A maioria dos portadores de TOC apresentam sintomas leves e podem levar uma vida normal, com bons relacionamentos afetivos e sociais e desempenhos acadêmico e profissional satisfatórios. Entretanto, as formas mais graves do distúrbio prejudicam significativamente esses aspectos. Menos de 10% dos casos enquadram-se nesse perfil. Alguns pacientes dessa categoria ficam presos em casa realizando seus rituais o tempo todo, tornando-se praticamente incapacitados.
Tratamento
A terapia cognitivo-comportamental (TCC) é o tratamento psicológico mais indicado para casos leves do distúrbio. Para os pacientes com sintomas moderados ou graves, o tratamento farmacológico ou combinado com a TCC é o apropriado.

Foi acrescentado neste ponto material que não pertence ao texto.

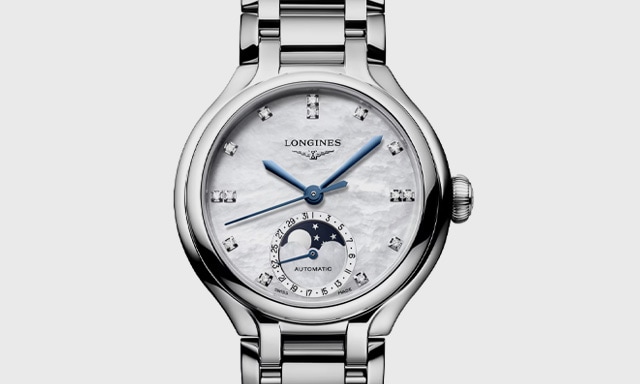 Longines PrimaLuna. Tap to shop.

Os sintomas do distúrbio podem ser controlados com o tratamento medicamentoso e a terapia comportamental. Estudos farmacológicos já mostraram a eficácia de antidepressivos, que atuam como inibidores de recaptação da serotonina, um neurotransmissor presente no cérebro. Pesquisas sugerem que o sistema serotoninérgico (que libera a serotonina) tem um papel central na modulação dos sintomas obsessivo-compulsivos. Portanto, esses antidepressivos são os mais indicados para o TOC. O início do efeito terapêutico desses medicamentos varia de duas a quatro semanas e, após a melhora, costuma-se manter a medicação por pelo menos um ano. A suspensão precoce do tratamento tende a ser seguida de recaídas. Já os antidepressivos que atuam sobre a noradrenalina, um outro neurotransmissor, não teriam o efeito desejado.
Recentemente, foram feitos estudos sobre a aplicação da neurocirurgia em casos de TOC, incluindo técnicas reversíveis e irreversíveis, como a estimulação cerebral profunda. Estes procedimentos interferem nos circuitos neurais provavelmente envolvidos no TOC. No entanto, esses tratamentos são recomendados apenas para pacientes que não respondem aos tratamentos convencionais e estão incapacitados pelo seu transtorno.
Eurípedes Miguel é professor associado do departamento de Psiquiatria e coordenador do Projeto Transtornos do Espectro Obsessivo-Compulsivo (Protoc) do Instituto de Psiquiatria da FMUSP; Roseli Shavitt é psiquiatra do Protoc; Maria Alice de Mathis é psicóloga do Protoc.